To do: Quote the whole listing exactly. Leave the pictures out of your copy.

Data excerpt:

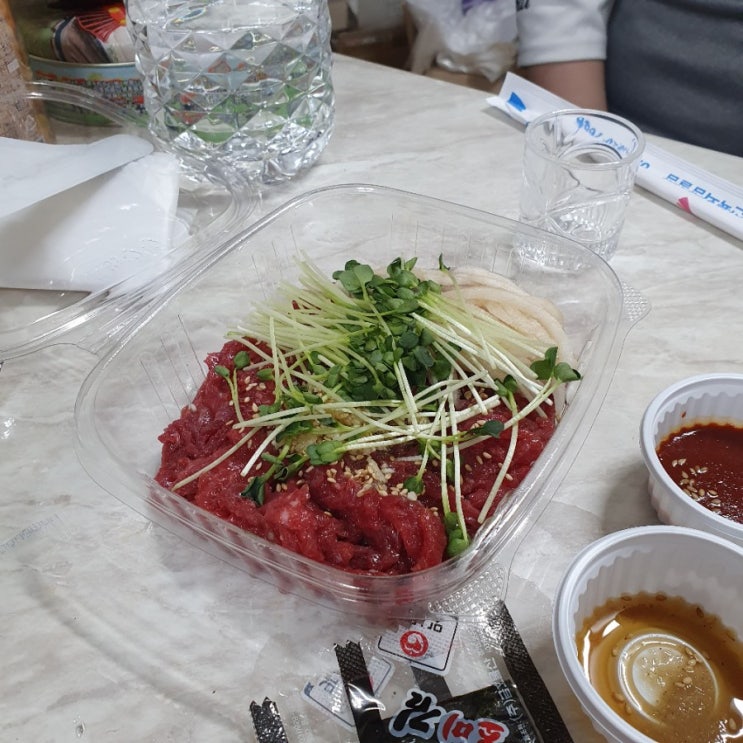  [동네맛집]잠실새내 새마을시장 육회 테이크아웃 전문점 조선육회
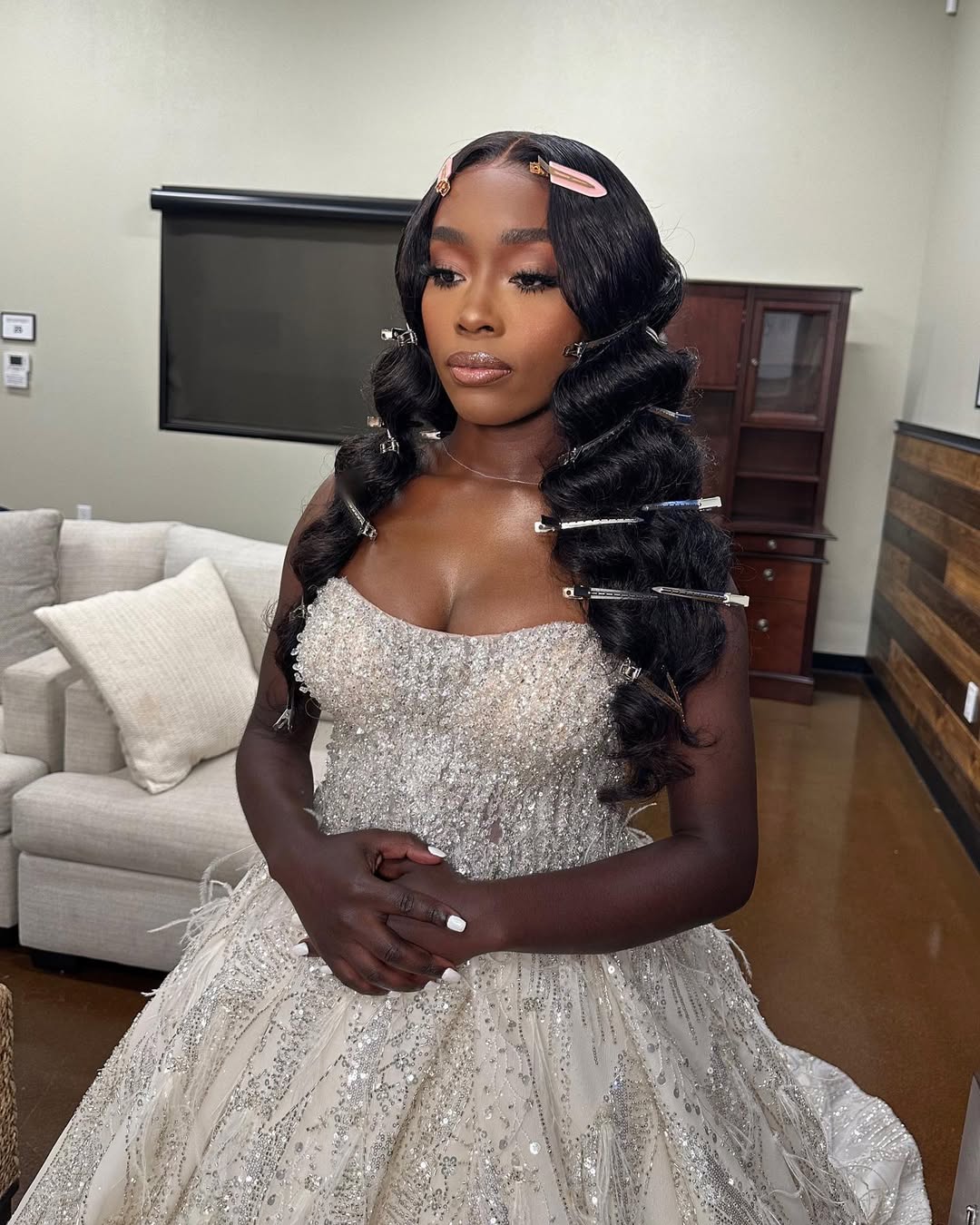 20 Fun and Creative Quick Weave Hairstyles for Black Women You’ll Love! - Glamorous Waves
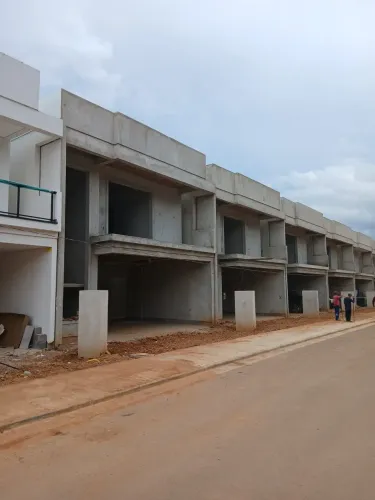 CONDOMÍNIO LAGUNAS, SOBRADO INACABADO (PARTE CINZA)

Exercise result:
  [동네맛집]잠실새내 새마을시장 육회 테이크아웃 전문점 조선육회
 20 Fun and Creative Quick Weave Hairstyles for Black Women You’ll Love! - Glamorous Waves
 CONDOMÍNIO LAGUNAS, SOBRADO INACABADO (PARTE CINZA)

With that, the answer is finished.